:: Prompt ::
In the records below, the relevant part opens with the line containing "Oh, Mary! A new play by Cole Escola" and closes with the line containing "Arithmetic Groups and"; print that part exactly and only, without its pictures.

:: Provided data ::
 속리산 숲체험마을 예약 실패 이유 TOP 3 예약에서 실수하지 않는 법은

==

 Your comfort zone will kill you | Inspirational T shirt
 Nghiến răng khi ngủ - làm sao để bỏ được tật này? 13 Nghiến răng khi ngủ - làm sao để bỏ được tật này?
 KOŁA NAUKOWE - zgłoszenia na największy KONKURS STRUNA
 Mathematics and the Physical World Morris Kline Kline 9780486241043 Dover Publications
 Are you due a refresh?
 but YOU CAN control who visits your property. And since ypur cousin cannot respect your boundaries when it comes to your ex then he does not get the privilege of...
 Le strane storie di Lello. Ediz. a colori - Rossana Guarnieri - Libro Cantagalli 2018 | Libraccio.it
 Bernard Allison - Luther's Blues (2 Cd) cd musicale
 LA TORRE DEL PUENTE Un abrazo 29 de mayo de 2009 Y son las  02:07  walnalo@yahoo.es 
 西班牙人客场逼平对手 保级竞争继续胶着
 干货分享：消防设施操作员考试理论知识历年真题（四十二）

...

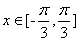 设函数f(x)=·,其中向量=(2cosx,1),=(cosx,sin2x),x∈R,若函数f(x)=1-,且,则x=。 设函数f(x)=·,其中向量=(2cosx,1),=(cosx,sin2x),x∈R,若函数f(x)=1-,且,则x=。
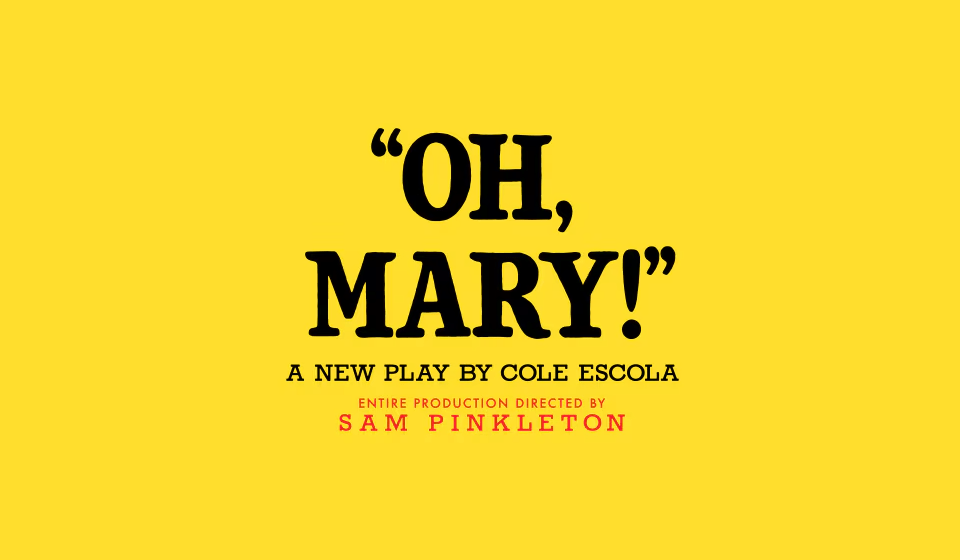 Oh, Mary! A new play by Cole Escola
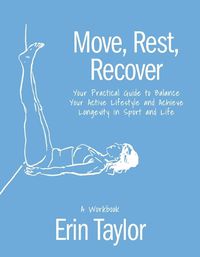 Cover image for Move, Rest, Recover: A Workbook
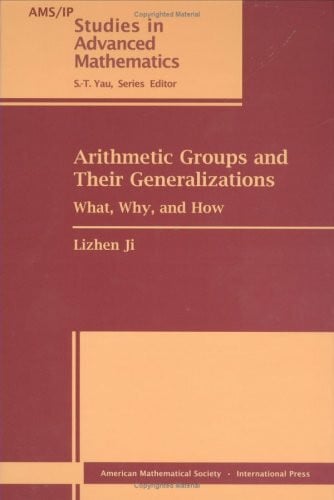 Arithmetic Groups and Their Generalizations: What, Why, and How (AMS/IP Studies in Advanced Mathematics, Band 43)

:: Solution for this task ::
 Oh, Mary! A new play by Cole Escola
 Cover image for Move, Rest, Recover: A Workbook
 Arithmetic Groups and Their Generalizations: What, Why, and How (AMS/IP Studies in Advanced Mathematics, Band 43)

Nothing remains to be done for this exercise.